Pasta with Pancetta & Salami featuring Roncadella Parmigiano Reggiano
Serves 2-4, depending on your appetite

½ bag Gentile brand pasta, vesuvio shape
3 oz. of Framani rolled pancetta-sliced ¼” thick
½ cup chopped onion
½ cup fresh grated carrot
½ cup beldi olives*
2 cups plain tomato sauce.
2 oz. sopressata picante salami from Nduja- sliced and cut in half
1 cup+ freshly grated Roncadella Parmigiano Reggiano**
2 tbsp fresh chopped basil for garnish
Sea salt

Directions

Using a large sautée pan, cook the pancetta over medium heat, until lightly browned on both sides and as crisp as you prefer it. I like to cook it through slowly until it’s medium brown on both sides, so it will be crumbly and crispy as a garnish on the pasta when it’s served.

Remove the pancetta from the pan and drain on paper towel, save for later. When it is cool enough to touch, chop into small (¼-½”) pieces

Add the onions to the pan and cook until translucent. Add the olives and carrots and cook a few minutes until the olives are warm and the carrots are tender, but still in tact, not soft.

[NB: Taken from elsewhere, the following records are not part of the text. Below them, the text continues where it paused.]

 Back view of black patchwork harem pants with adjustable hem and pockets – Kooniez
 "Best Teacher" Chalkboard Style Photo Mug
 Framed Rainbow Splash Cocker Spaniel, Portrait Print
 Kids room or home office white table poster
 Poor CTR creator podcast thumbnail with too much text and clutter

Add the tomato sauce and cook until the sauce is warmed through and at the consistency that you like. If you prefer a very thick tomato sauce, you can reduce it down longer to remove more of the water. When the sauce is at the thickness you like, add the salami and ½ cup of grated Parmigiano Reggiano. Taste the sauce and add more salt or pepper to taste.

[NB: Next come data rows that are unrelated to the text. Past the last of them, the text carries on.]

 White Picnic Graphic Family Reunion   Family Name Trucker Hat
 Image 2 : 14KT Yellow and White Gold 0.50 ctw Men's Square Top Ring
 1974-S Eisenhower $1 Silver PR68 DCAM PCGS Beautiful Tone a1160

While your sauce is cooking, bring heavily salted water (it should taste like the sea) to a boil and cook according to package directions. Before you drain the pasta, save and set aside 1 cup of the cooking liquid.

Add the drained pasta to the tomato sauce in the pan, adding ¼-½ cup of the reserved pasta water, and cook for a few minutes to incorporate the flavor of the sauce into the pasta.

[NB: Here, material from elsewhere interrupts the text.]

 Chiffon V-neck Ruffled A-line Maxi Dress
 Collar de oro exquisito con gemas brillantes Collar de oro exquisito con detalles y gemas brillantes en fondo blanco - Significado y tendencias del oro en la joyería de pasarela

Serve freshly grated Parmigiano Reggiano cheese, the cooked chopped pancetta, and fresh basil on the side that each person can use to garnish their plates as they like.

Buon appetito!

*a note on the olives- I like using whole olives that still have the pit in them. I find the texture of the olives, and the flavor are much better than the same brand and variety of olives that have been pitted. When I was in Italy, all of the olives that were used in recipes (baked in breads, used in salads, etc.) all contained pits. It’s just what they are used to—they expect olives to have pits. Here in the U.S., we’ve often made culinary choices that favor convenience over flavor, and most people would find an olive pit an unexpected and unwelcome visitor in a pasta dish. I actually think it helps me to follow my own commitment to eating more slowly and really savoring the food that I eat. I have to focus a bit more on what I am putting in my mouth, and eat a little more slowly, but the payoff is that I feel more satisfied after the meal. I’d make sure to warn your guests that there are pits in the olives.

**A note about freshly grated Parmigiano Reggiano. Fresh grated cheese is better, and it doesn’t have to be a chore. The pasta grater that I show in the photos is one of the graters that I discovered at the retail shop for Roncadella. The Consorzio Parmigiano Reggiano supplies these, and Marissa the cheese maker from Roncadella, gave us one along with some cheese samples when we visited. Because of that, I requested they ship us some to sell at the Deli. I love this grater and find it easier to use than a traditional four-sided box grater, or the newer style micro planes. The handle is large enough and long enough to grasp easily, and it makes grating fresh Parmigiano Reggiano simple and easy, plus it’s easy to clean. You can just bring the grater and a hunk of cheese to the dinner table on a plate and pass it around. No time spent in the kitchen grating cheese, and no left-over pre-grated cheese, because you overestimated or running back to the kitchen because you underestimated! The design of the grater allows it to hold the cheese as you grate it. You can grate almost a ¼ cup of cheese into this grater at one time and then sprinkle it over anything and everything—pasta, soups, salads. You may end up with a hunk of Parmigiano Reggiano on your table at every meal!